[Material provided Boundary: Start]

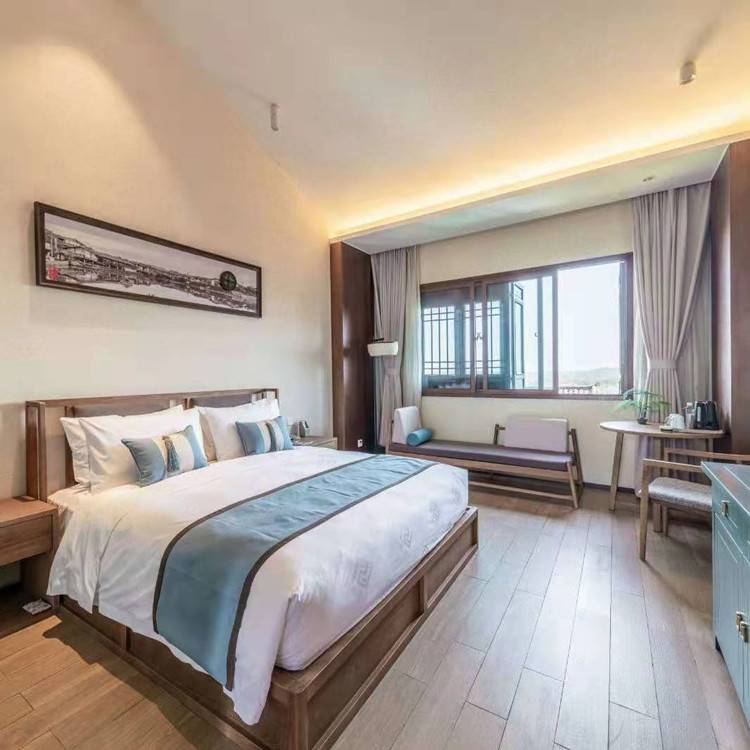 UEditorImages_8fbe76eecf132343bf20a75279d7b3d4.jpeg UEditorImages_8fbe76eecf132343bf20a75279d7b3d4.jpeg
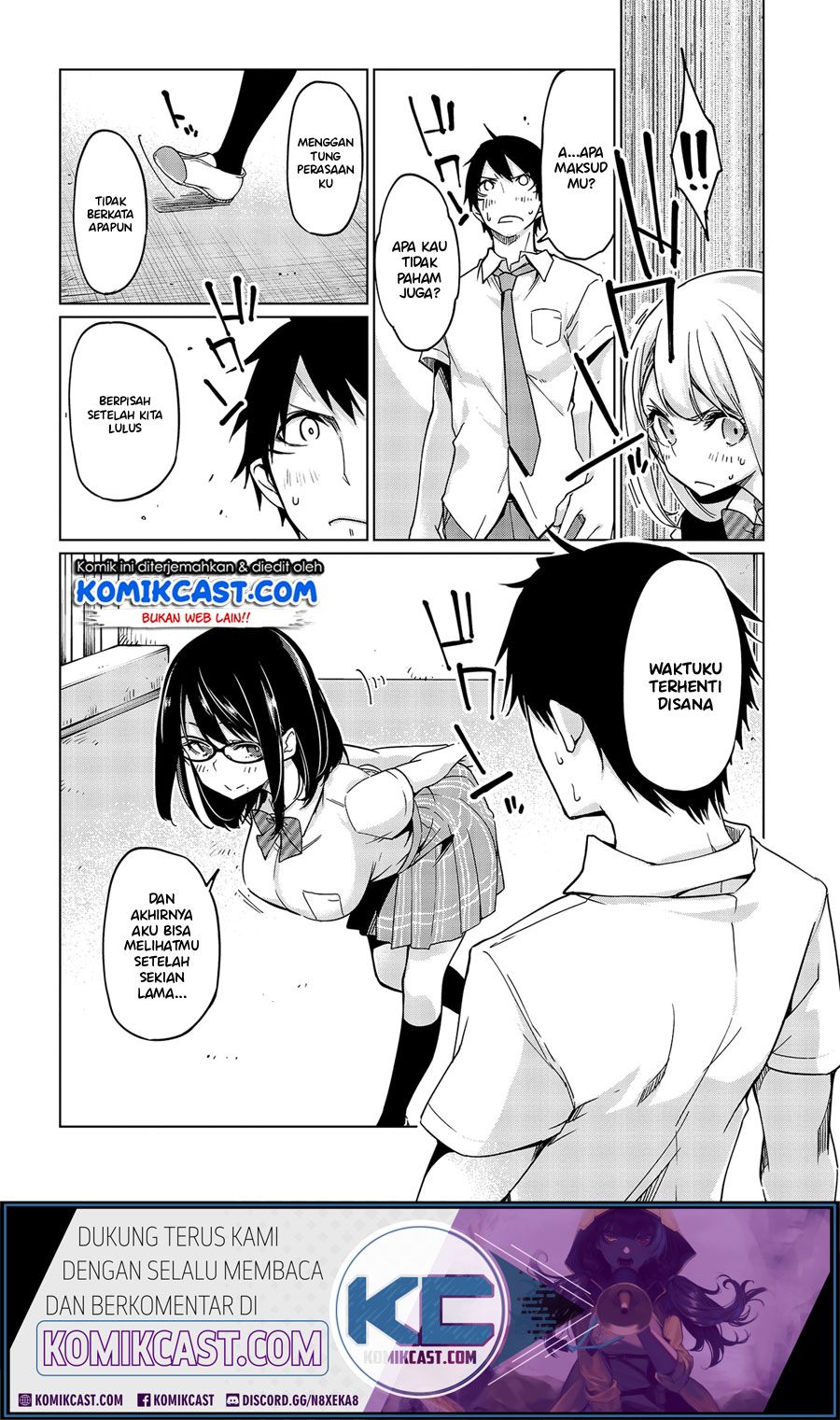 Chapter 47 - halaman 18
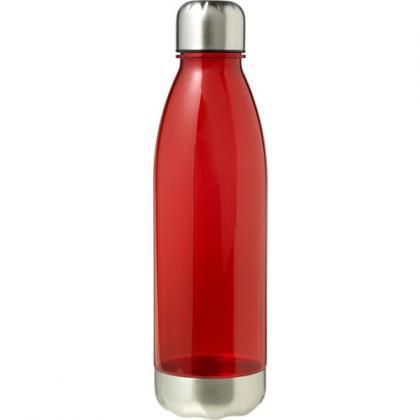 Drinking bottle (650ml)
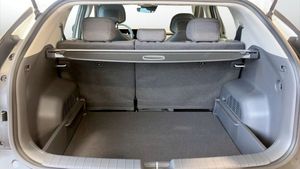 Kia EV3 bild 12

[Material provided Boundary: End]

Write out an exact reproduction of the lines from the line that holds "Chapter 47 - halaman 18" to the bottom of the listing above, both ends included. Exclude pictures.

 Chapter 47 - halaman 18
 Drinking bottle (650ml)
 Kia EV3 bild 12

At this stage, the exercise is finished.